On LibraBFT’s use of broadcasts

LibraBFT is the Byzantine Fault Tolerant (BFT) consensus algorithm used by the recently released Libra cryptocurrency. LibraBFT is based on another BFT consensus algorithm called HotStuff. While some have noted the similarities between the two algorithms, they differ in some crucial respects. In this post we highlight one such difference: in LibraBFT, non-leaders perform broadcasts. This has implications on liveness analysis, communication complexity, and leader election. We delve into each of these topics following a brief review of what BFT consensus algorithms are and why they are useful.

A brief history of BFT consensus algorithms

The term Byzantine Fault Tolerant (BFT) originates from a paper by Lamport, Shostak, and Pease. In that paper, the authors consider a fictional scenario in which a group of Byzantine generals are considering whether to attack a city. The problem is that some of the generals are traitors. The question is, if the traitors spread misinformation, then under what conditions can the group agree to attack or retreat from the city? Note that neither attacking nor retreating is considered more favorable than the other: the problem is simply to agree on one action!

This scenario is a metaphor for one that commonly arises in distributed systems: the generals are nodes in a network, the traitors are faulty nodes, and attacking the city is, say, committing a transaction to a database.

The Lamport et al. paper proposes a solution to this problem. However, the solution implicitly assumes a synchronous network, which means that messages between nodes are delivered within a fixed, known time bound. Compare this to an asynchronous network, where messages can be arbitrarily delayed and even reordered.

Dwork, Lynch, and Stockmeyer were the first to propose deterministic algorithms that solve the Byzantine generals problem for “partially synchronous” networks. (Earlier, Rabin and Ben-Or had proposed randomized algorithms.) Dwork et al.’s analysis of what it means for a network to be “partially synchronous” was a significant contribution to the study of BFT algorithms. However, the purpose of Dwork et al.’s algorithms appears to have been to establish the existence of such solutions. Thus, their algorithms are of more theoretical than practical interest.

Toward the end of the century, Castro and Liskov proposed a solution on which many contemporary algorithms have been based (e.g., Tendermint, described below). Castro and Liskov’s algorithm, called Practical Byzantine Fault Tolerance (PBFT) works as follows. Each round has a designated leader chosen from among the nodes, and each round is composed of three phases. Roughly, in the first phase, the leader proposes a command for all nodes to execute; in the second phase, the nodes vote on the command; and in the third phase, the nodes acknowledge receipt of each others’ votes and execute the command. When a node believes that a round has gone on for too long, it sends a timeout message to all other nodes. Nodes must agree that a round should timeout. The process is somewhat complicated. PBFT, as a whole, works up to when ⌊(n-1)/3⌋ of the n nodes are faulty, which is the best that one can do.

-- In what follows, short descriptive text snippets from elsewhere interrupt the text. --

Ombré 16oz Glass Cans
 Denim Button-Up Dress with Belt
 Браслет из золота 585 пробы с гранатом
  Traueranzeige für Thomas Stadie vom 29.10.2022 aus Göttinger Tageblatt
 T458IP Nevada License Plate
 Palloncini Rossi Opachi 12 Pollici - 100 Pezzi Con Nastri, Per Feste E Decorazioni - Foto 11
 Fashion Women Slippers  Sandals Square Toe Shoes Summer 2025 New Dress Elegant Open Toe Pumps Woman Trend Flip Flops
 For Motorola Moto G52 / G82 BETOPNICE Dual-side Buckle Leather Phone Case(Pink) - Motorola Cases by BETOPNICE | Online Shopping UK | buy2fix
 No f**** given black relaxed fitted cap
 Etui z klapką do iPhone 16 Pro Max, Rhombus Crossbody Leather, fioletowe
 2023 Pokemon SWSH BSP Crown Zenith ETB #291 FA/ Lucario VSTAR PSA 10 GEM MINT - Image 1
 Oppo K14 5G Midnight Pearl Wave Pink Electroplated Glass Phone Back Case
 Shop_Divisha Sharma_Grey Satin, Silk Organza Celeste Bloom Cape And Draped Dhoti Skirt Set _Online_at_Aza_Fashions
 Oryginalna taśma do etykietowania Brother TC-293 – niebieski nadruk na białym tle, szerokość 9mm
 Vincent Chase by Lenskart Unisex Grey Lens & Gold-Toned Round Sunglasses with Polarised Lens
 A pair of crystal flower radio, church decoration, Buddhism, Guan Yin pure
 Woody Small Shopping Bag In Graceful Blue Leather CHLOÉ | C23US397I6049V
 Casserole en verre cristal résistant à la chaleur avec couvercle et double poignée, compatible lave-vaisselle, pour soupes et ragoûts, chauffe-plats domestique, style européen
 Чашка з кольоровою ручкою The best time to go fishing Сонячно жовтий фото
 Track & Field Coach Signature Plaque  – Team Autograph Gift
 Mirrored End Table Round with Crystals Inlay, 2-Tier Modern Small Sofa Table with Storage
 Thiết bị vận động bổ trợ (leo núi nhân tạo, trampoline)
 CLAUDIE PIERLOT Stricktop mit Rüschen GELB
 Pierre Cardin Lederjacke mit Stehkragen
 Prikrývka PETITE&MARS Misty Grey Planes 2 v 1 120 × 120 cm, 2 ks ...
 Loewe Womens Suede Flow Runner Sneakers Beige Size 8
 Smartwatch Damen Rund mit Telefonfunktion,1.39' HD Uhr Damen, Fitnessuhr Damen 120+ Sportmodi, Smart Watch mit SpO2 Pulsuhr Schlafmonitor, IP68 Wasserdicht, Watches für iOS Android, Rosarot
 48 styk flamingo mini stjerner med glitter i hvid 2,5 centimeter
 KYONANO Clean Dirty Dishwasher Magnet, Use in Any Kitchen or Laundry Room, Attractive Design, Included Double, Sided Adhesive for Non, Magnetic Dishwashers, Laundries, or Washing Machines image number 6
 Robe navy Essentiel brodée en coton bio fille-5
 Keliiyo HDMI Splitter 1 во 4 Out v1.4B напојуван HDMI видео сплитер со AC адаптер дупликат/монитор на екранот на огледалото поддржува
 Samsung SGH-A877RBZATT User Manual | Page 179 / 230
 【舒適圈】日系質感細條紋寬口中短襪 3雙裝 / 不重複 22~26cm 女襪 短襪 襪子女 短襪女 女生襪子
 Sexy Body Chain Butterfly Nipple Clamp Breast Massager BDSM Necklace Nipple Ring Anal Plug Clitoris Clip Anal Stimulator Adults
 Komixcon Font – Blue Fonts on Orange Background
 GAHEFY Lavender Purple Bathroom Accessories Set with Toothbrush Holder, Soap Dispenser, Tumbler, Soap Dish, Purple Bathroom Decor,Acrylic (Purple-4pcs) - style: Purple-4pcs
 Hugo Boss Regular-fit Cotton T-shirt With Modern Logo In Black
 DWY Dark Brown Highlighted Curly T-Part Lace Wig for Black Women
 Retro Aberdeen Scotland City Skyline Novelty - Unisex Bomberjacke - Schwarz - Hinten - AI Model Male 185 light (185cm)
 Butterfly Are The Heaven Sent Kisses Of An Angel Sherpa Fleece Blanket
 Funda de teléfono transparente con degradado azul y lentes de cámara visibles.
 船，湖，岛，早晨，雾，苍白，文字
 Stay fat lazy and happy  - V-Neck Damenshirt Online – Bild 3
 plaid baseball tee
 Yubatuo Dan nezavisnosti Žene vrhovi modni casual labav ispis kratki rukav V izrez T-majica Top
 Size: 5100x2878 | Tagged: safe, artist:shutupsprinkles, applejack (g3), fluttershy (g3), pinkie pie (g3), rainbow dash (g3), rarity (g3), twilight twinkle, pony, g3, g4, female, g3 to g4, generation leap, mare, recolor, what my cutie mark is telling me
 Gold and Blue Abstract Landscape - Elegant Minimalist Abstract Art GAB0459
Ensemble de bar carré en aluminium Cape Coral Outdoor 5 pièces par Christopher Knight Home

In order to circumvent a classic impossibility result of Fischer, Lynch, and Paterson, PBFT prioritizes safety over liveness. This means that, say, a leader could propose a command and that command could fail to be executed, e.g., because of network problems. However, the algorithm is safe in the sense that if two non-faulty nodes execute some sequence of commands, then one is necessarily a prefix of the other.

It is interesting to note how PBFT uses broadcasts. During the first phase of each round, the leader broadcasts to all nodes. But, during the second and third phases, all nodes (not just the leader) broadcast to one another.

Figure 1 from the PBFT paper, which calls the three phases of each round “pre-prepare,” “prepare,” and “commit.” The numbers represent network nodes and the arrows represent messages. Note how non-leader nodes 1 and 2 broadcast to all other nodes during the second and third phases.

Many variants of PBFT have been proposed. One notable example is Tendermint. Like PBFT, Tendermint proceeds in rounds, each round is divided into three phases, and the use of broadcasts in each phase is similar. However, whereas timeouts in PBFT occur with respect to entire rounds, timeouts in Tendermint occur with respect to individual phases, which many regard as a simpler strategy. (See here for additional discussion.) Also, Tendermint has a well-tested implementation that is actively developed. For this reason, if none other, Tendermint has seen widespread use.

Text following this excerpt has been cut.